Victor Schwartz, ATRA’s general counsel and a partner with the law firm Shook Hardy & Bacon, gave a talk in which he exhorted tort reformers to get more active in ALI as a way of shaping judge-made common law. A life member of ALI, Schwartz explained that historically, practitioners and scholars sympathetic to the plaintiffs’ side have dominated the advisory group’s proceedings. “We have to catch up,” he explained in an interview. “I need more help at ALI if we’re going to counterbalance the trial lawyers.”

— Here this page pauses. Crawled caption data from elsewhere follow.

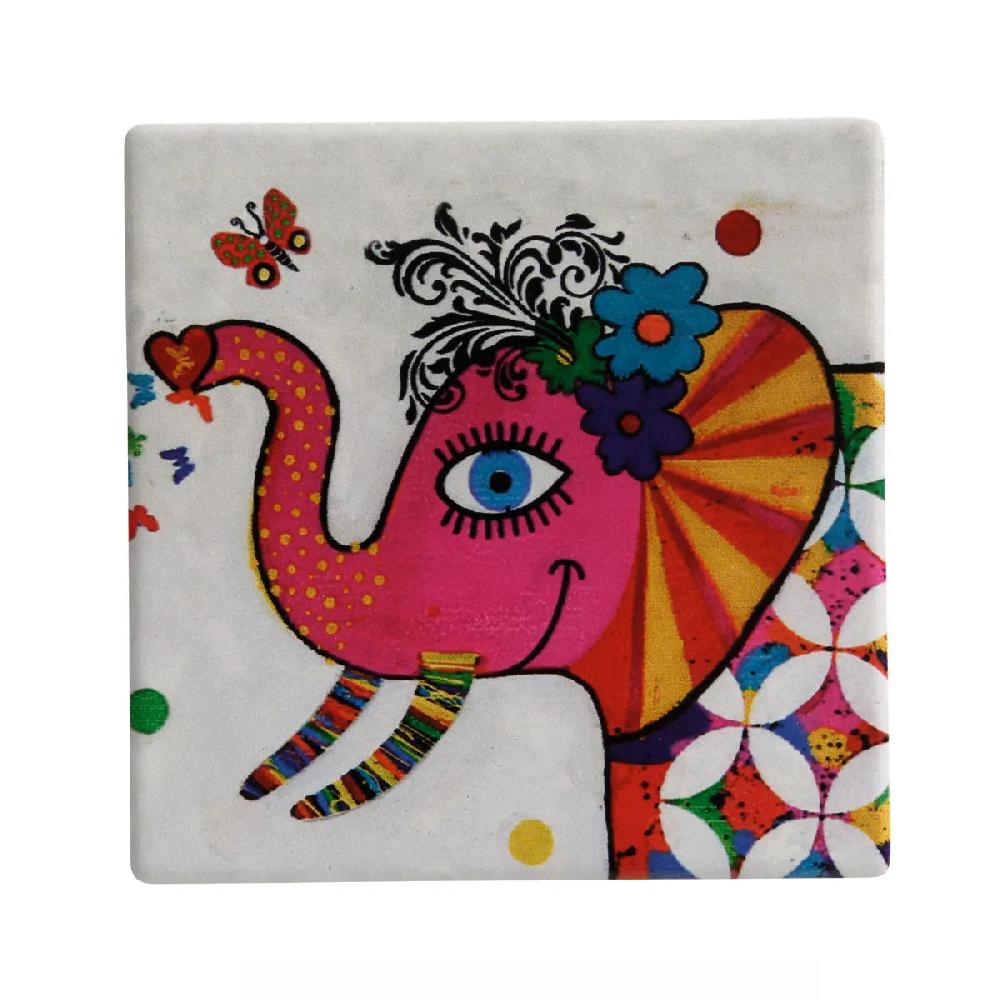 bruno evrard Boite de 6 dessous de verre en céramique ELEPHANT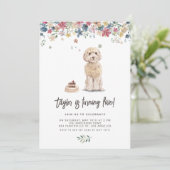 ヴィンテージウォーターカラーコックパプー犬の誕生日パーティー 招待状 (スタンド正面)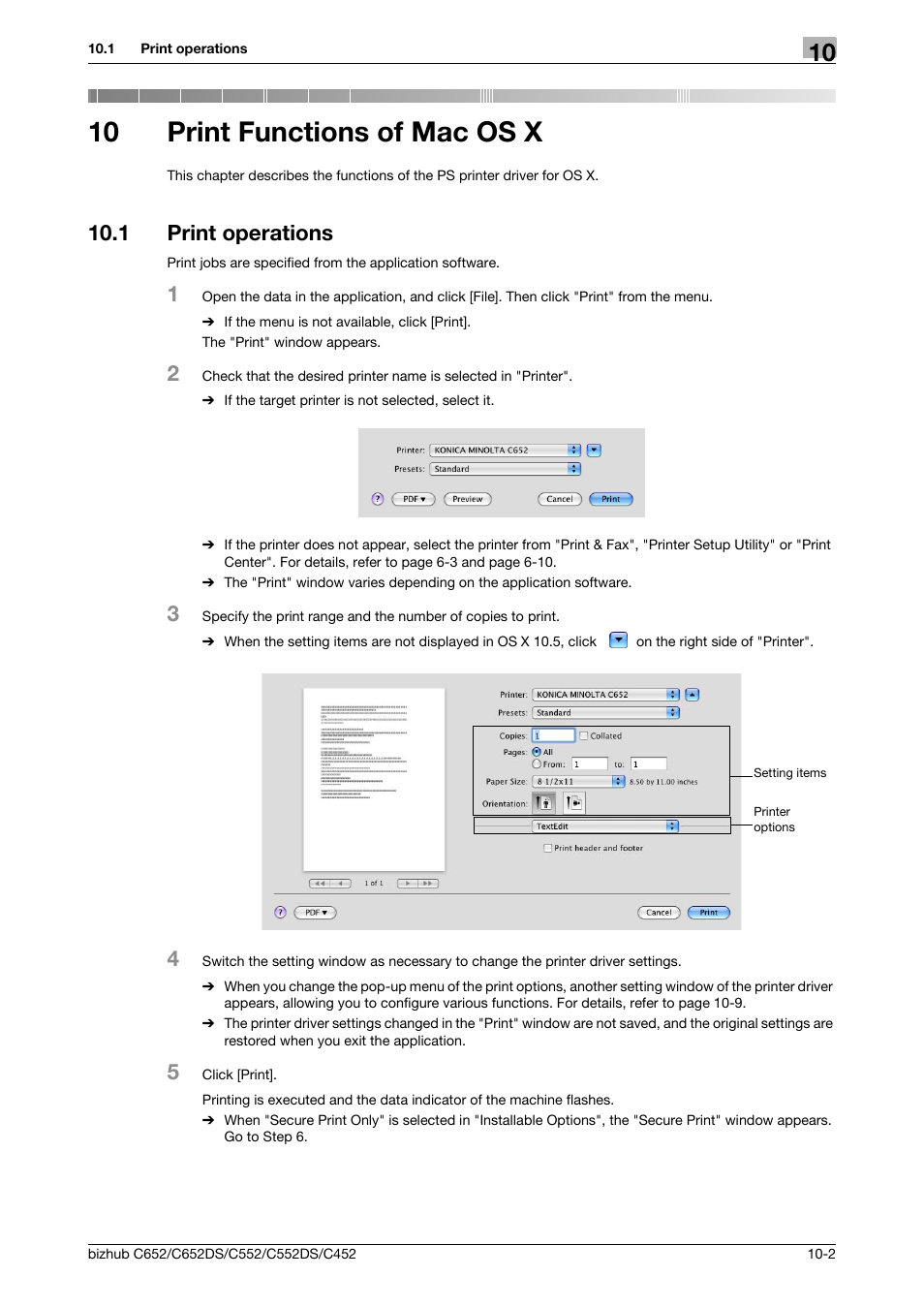 10 print functions of mac os x, 1 print operations, Print functions of mac os x | Print operations -2 | Konica Minolta BIZHUB C652DS User Manual | Page 120 / 312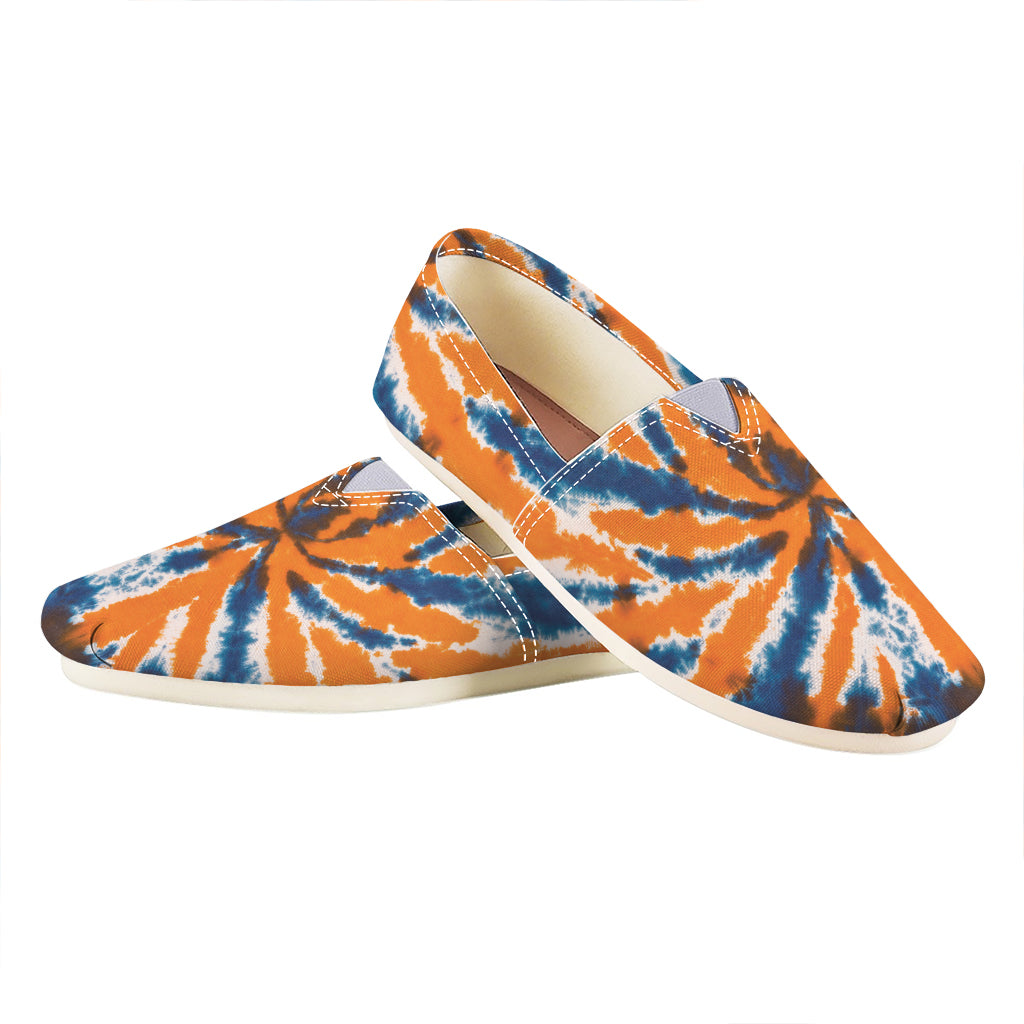 Blue And Orange Spider Tie Dye Print Casual Shoes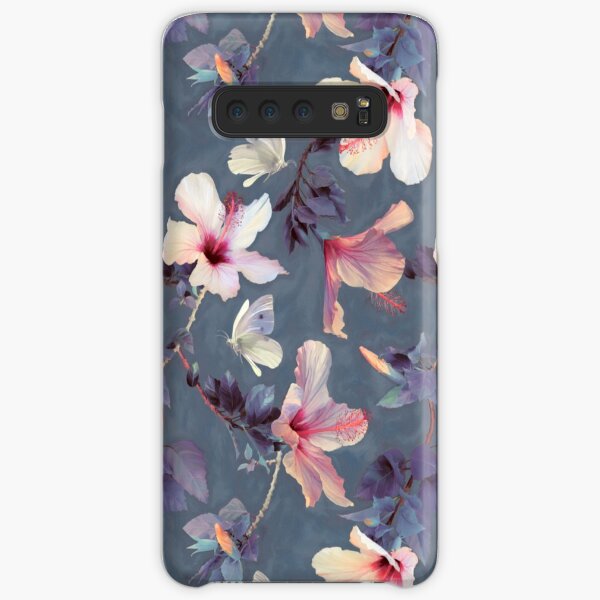 Butterflies and Hibiscus Flowers - a painted pattern Samsung Galaxy Snap Case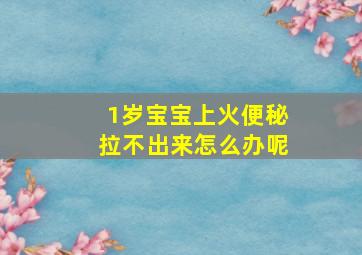 1岁宝宝上火便秘拉不出来怎么办呢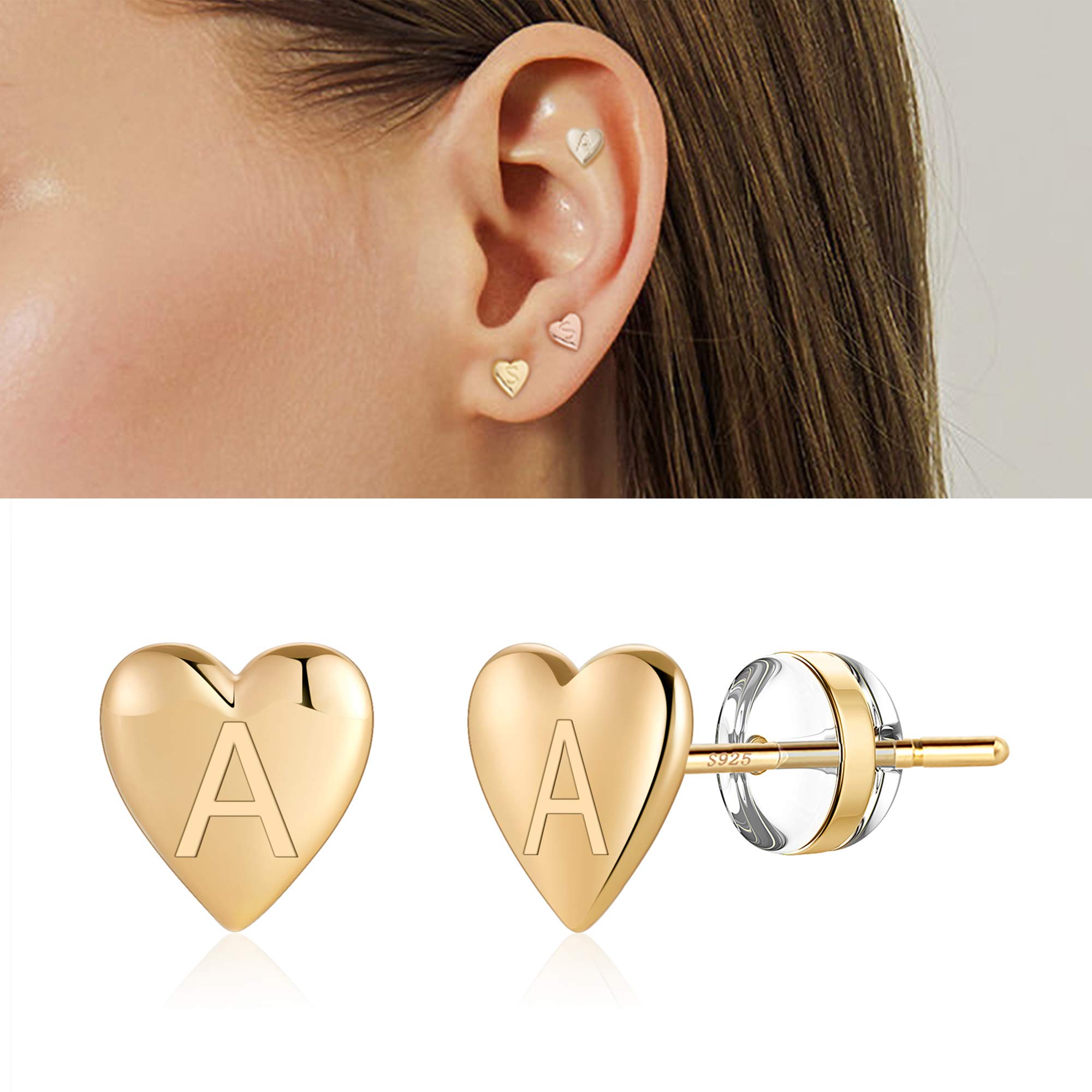 Heart Initial Stud Earrings for Women & Girls - 925 Sterling Silver 14K Gold Plated Hypoallergenic Dainty Letter Earrings | Perfect for Sensitive Ears, Everyday Wear, Gifts & Special Occasions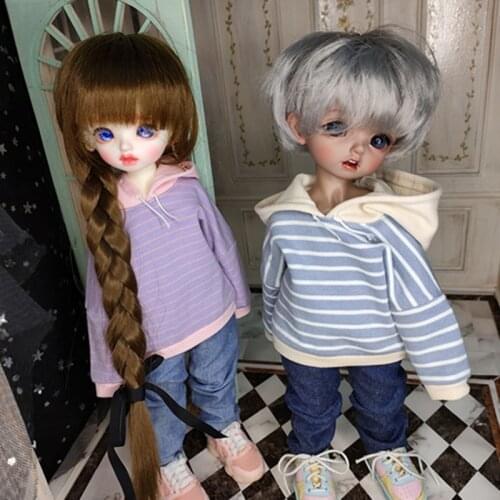 BJD baby clothes 1/6 baby clothes single product striped hoodie doll clothes coat Doll accessories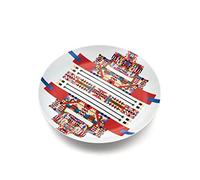 Alessi Holyhedrics ESA10 2 - Assiette à Dessert en Porcelaine Décorée avec Décalcomanie Appliquée à la Main, Multicolore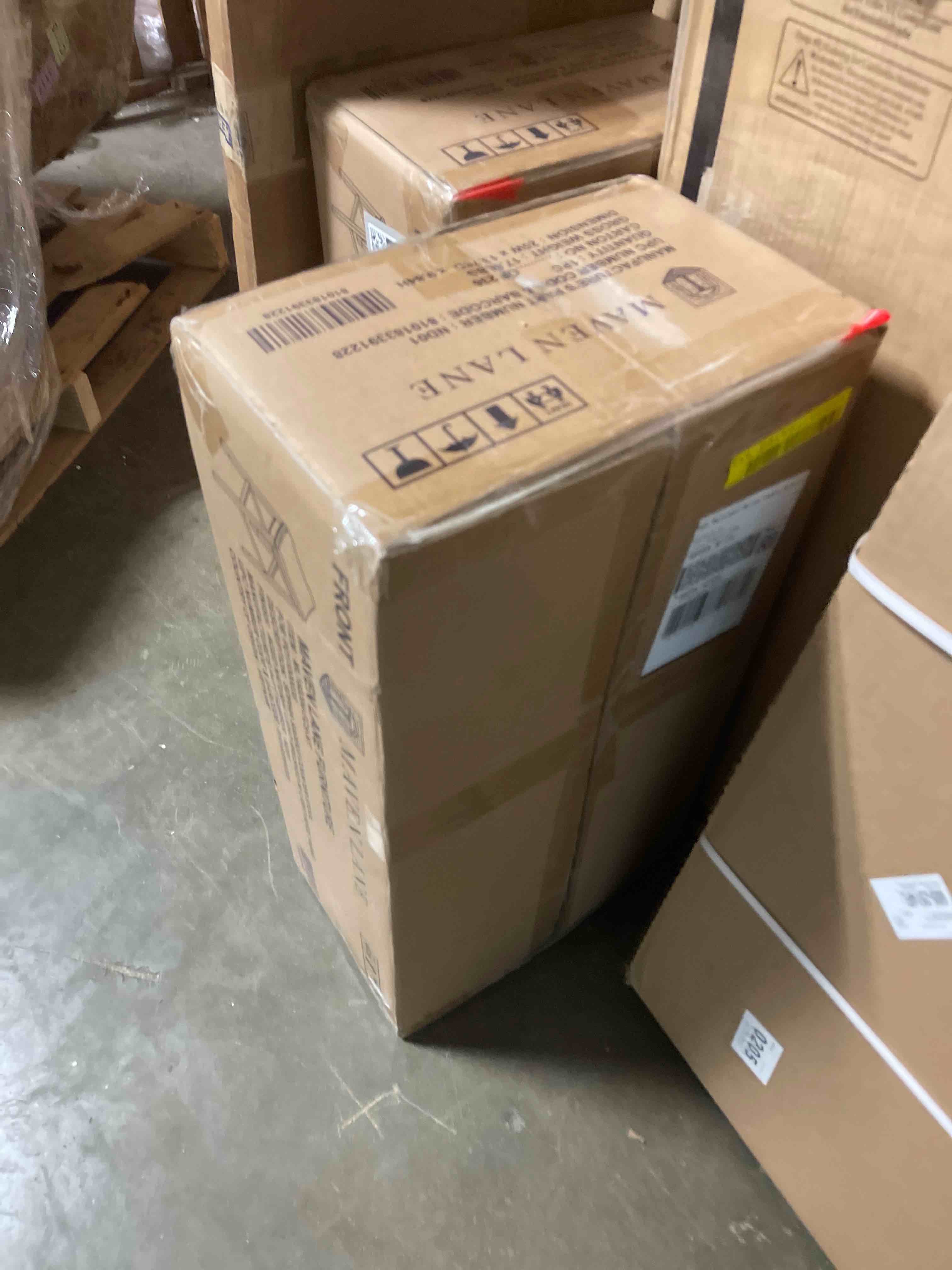 Condition photo showing New/Like New for Maven Lane Sophia Backless Counter Stool 26 Inches – Saddle Stool with Footrest – Natural Solid Wood and Natural Fabric Upholstery – Ideal for Kitchen Islands and Counters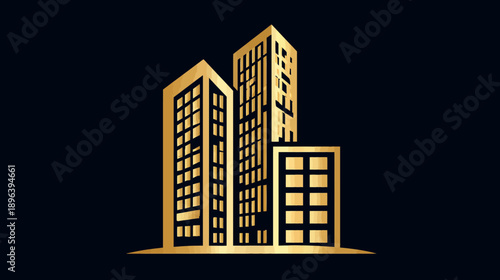 Elegant Gold Skyscrapers Graphic - Modern Urban Architecture Symbol for Real Estate, Property Development, and Investment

&bull: Curtailing “Phantom Damages”: Hospitals commonly bill patients at inflated rates, knowing that insurance companies will impose drastic discounts. When calculating damages in medical malpractice cases, some judges refer to the larger figures on hospital bills rather than the amounts insurers actually pay out. The difference—the “phantom damages”—inflate awards for intangible harms such as “pain and suffering,” Lee Mickus, a partner in Denver with the Snell & Wilmer law firm, said in another talk. Larger awards in the tiny minority of cases that go to trial pump up the value of settlements in the vast majority of disputes that settle out of court, he added. By his count, 21 states and the District of Columbia permit phantom damages.

Mickus urged his listeners to lobby state legislatures to ban the practice. “This is the single biggest opportunity to make a real practical difference” in the area of medical malpractice, he said.

• Dismantling New York’s “Scaffold Law”: Unique among the 50 states, New York has a 19th-century statute on the books that allows building contractors to be sued and held strictly liable for worker injury, regardless whether the employer was actually at fault. While plaintiffs’ attorneys, allied with certain unions, have fended off attempts to curtail or repeal this so-called scaffold law, the ATRA audience was told that contractors expect to make a legislative breakthrough in 2015.

In what was indisputably the most lively presentation of the entire conference, the Reverend Jacques DeGraff of the Alliance for Minority and Women Construction Businesses said that tearing down the scaffold law constituted an opportunity for small companies owned by nonwhites to cooperate with larger white-owned concerns. “We’re here because we want to make some money,” said DeGraff, who is African American. He said he’d been branded a sellout in black and Democratic political circles for allying himself with the Associated General Contractors of New York and the Lawsuit Reform Alliance of New York. “I’ve never taken a dime,” DeGraff said with evident emotion. Opposing the scaffold law was an opportunity for racial “bridge-building,” he argued, adding: “The people who defeated apartheid in South Africa and apartheid in America are not afraid of some trial lawyers.” That line elicited a loud ovation.